# [AVAILABLE DATA]

--- --- ---

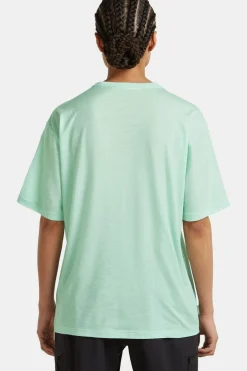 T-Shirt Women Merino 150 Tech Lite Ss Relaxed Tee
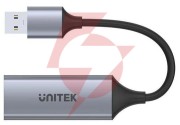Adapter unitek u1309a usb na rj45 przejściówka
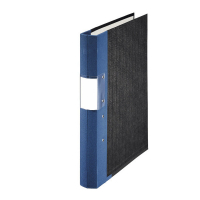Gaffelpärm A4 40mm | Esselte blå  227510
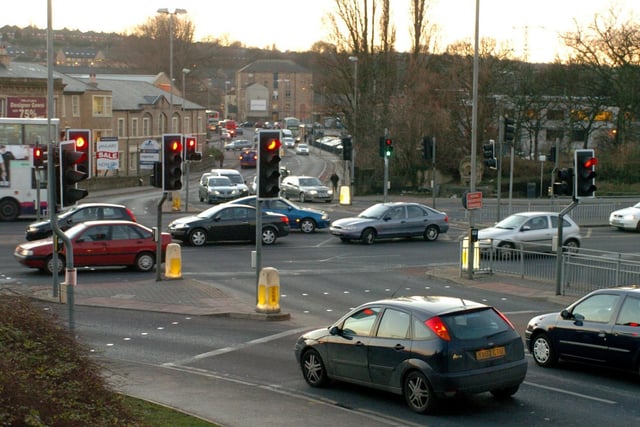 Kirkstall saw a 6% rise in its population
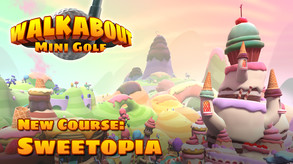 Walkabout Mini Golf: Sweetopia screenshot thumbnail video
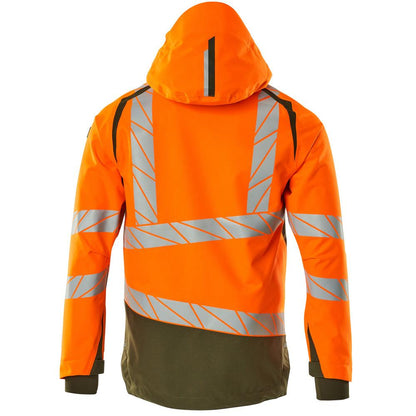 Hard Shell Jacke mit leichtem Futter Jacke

--- --- ---

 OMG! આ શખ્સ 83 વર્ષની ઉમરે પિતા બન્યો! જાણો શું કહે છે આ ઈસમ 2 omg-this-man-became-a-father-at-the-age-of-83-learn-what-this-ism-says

--- --- ---

# [YOUR ASSIGNMENT]
Precisely those lines above that run from the line with "T-Shirt Women Merino" up to and including the line with "Hard Shell Jacke mit leichtem Futter Jacke" are to be set down, with the pictures omitted.

# [OUTPUT FOR THIS TASK]
 T-Shirt Women Merino 150 Tech Lite Ss Relaxed Tee
Adapter unitek u1309a usb na rj45 przejściówka
Gaffelpärm A4 40mm | Esselte blå  227510
 Kirkstall saw a 6% rise in its population
 Walkabout Mini Golf: Sweetopia screenshot thumbnail video
 Hard Shell Jacke mit leichtem Futter Jacke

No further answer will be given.